En Guerrero hay mucho priísta determinado a pasarse de redil, como ha ocurrido siempre: perredistas se van al PRI, o al revés, de tal manera que no hay partido político puro 100 por ciento; sólo que ahora la borregada se descarrilará como nunca antes. Están en una fase de mirar el ajedrez con el rey en la lupa.
En el caso de Alito, ni cómo defenderlo, porque es como un pájaro que solito se cortó las alas. Y todavía se aferra al hueso.
Y es que ciertos priístas andan viendo, si no se van, cómo repartirse lo que quede, como en un deshuesadero, sin exponerse, sin asomar la cara. Héctor Apreza Patrón no se metió en nada por el PRI. Dejó el cargo de su dirigente estatal para seguir con la dieta de diputado, todavía por otros dos años más. Y que el mundo ruede. ¿Punto de acuerdo o algún exhorto al Ejecutivo, por su correligionario: cero?
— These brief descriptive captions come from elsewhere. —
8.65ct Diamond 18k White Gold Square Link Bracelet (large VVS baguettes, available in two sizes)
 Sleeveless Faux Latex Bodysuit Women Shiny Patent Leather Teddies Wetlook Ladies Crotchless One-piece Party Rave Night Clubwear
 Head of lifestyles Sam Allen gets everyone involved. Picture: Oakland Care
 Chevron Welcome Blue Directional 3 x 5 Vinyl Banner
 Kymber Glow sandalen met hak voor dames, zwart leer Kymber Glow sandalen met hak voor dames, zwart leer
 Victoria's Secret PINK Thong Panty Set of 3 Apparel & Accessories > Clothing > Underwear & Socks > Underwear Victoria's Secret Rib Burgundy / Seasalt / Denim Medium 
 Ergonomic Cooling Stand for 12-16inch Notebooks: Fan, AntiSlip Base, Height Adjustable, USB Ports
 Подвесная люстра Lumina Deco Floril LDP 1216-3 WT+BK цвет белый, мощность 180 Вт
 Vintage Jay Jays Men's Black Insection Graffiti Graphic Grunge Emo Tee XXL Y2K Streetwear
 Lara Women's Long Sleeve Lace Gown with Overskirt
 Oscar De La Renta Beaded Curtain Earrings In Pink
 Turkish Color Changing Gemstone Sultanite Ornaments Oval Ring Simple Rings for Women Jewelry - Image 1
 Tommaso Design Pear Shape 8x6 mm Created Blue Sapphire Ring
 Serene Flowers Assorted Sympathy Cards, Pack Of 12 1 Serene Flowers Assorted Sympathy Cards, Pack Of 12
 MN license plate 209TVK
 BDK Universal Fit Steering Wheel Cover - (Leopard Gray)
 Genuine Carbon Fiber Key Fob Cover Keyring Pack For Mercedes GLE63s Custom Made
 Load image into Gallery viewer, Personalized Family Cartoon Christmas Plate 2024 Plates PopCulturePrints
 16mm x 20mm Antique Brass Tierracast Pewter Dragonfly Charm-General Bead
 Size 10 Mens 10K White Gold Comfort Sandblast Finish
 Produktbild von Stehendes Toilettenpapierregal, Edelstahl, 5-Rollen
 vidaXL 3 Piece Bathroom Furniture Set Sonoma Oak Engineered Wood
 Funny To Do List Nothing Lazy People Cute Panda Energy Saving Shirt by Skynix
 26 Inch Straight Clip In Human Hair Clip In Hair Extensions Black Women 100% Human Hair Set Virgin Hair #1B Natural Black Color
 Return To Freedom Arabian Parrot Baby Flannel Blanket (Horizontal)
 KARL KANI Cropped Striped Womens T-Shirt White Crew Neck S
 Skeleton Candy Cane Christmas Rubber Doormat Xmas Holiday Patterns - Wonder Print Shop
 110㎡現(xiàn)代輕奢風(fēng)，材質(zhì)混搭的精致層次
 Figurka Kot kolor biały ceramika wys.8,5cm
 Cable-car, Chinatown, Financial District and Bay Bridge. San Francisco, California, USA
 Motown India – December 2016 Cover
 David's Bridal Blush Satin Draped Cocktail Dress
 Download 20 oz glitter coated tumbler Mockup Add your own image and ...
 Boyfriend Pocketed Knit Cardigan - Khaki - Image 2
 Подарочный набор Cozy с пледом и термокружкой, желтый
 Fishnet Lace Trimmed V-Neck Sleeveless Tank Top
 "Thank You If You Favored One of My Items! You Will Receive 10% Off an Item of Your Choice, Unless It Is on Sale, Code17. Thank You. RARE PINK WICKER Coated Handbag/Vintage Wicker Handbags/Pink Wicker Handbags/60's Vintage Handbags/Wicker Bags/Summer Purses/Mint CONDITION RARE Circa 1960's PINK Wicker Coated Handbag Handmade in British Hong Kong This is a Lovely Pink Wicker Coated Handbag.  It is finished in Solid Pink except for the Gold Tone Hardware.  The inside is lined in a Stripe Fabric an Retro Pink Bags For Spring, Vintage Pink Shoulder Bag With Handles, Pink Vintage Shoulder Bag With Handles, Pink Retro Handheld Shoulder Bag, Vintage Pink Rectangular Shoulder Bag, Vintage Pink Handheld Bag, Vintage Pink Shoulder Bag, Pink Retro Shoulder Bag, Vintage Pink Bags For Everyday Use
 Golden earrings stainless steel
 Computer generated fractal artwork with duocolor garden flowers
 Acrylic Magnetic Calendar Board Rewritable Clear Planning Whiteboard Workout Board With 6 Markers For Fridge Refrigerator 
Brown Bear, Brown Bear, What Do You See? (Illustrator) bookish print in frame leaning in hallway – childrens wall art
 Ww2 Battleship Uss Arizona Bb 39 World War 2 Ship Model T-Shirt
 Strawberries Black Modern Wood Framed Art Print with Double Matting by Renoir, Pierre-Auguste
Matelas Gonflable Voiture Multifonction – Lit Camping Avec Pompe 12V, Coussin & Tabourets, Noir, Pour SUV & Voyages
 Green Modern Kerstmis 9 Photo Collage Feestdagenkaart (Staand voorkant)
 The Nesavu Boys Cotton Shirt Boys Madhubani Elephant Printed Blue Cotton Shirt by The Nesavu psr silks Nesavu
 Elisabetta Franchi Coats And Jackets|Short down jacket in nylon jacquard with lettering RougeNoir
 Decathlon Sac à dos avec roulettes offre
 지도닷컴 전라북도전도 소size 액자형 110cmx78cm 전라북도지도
Nadie ha dado la cara por Fermín, ni porque muchos años cumplió todas las comisiones que le dieron en el PRI, incluso algunas veces torciéndole la mano, y ni porque la ley dice que toda persona es inocente hasta que, en su caso, le acrediten lo contrario. Como pudo ya hizo una primera autodefensa pública.
Pueden al menos preguntarse entre ellos mismos que cómo le habría hecho para llevarse mil 300 millones de pesos en 33 meses que la hizo como si fuera hormiga, o para que la FGR no detectara la roncha que entonces habría hecho en cuenta bancaria.
El priísta creó fama, y se echó a dormir. Casi todos creen en la imputación que le hacen, más por ser del PRI, partido al que le dan fama de corrupto, al que todavía responsabilizan de todo lo malo del país, y que se refleja en las urnas.
“En vez de salir a defenderlo, se quedan callados”, afirmó AMLO del caso Alito, y lo mismo podría pasar en Guerrero con el caso Fermín, que dejó, sin duda, quebrantado el Cobach como él también seguramente lo recibió, y como seguirá heredándose sexenio tras sexenio, como cualquier ayuntamiento trienio tras trienio.
Ingratos faltan por verse más, de aquí al 2024.